ASSIGNED TASK
Every picture stays out; everything else in the listing below is to be returned exactly.

SOURCE DATA
========

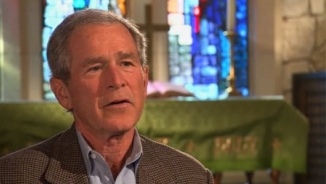 Bush Recounts Seeing Sibling's Fetus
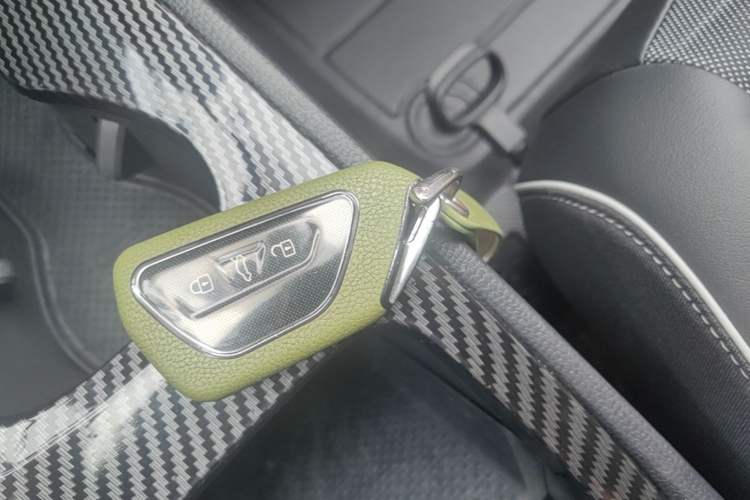 Used Volkswagen ID.3 2023 Pure Smart Edition Vehicle Key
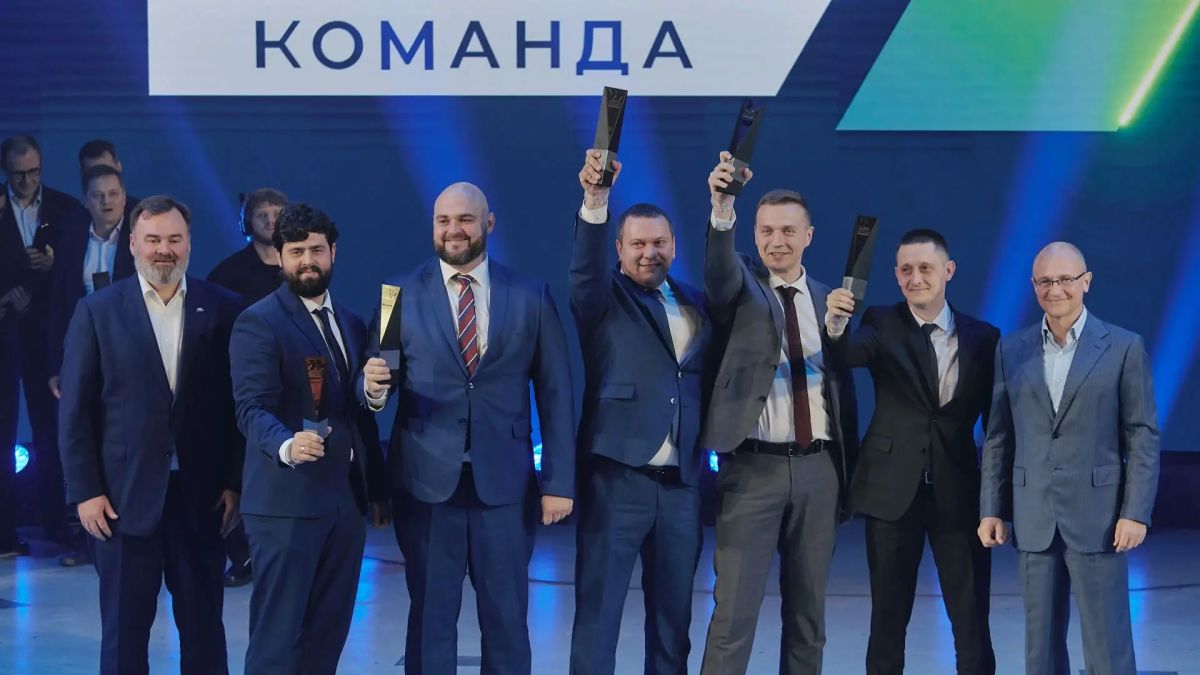 Команда Правительства ДНР — призер суперфинала конкурса «Лидеры России» Команда Правительства ДНР — призер суперфинала конкурса «Лидеры России»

========

EXERCISE OUTPUT
 Bush Recounts Seeing Sibling's Fetus
 Used Volkswagen ID.3 2023 Pure Smart Edition Vehicle Key
 Команда Правительства ДНР — призер суперфинала конкурса «Лидеры России» Команда Правительства ДНР — призер суперфинала конкурса «Лидеры России»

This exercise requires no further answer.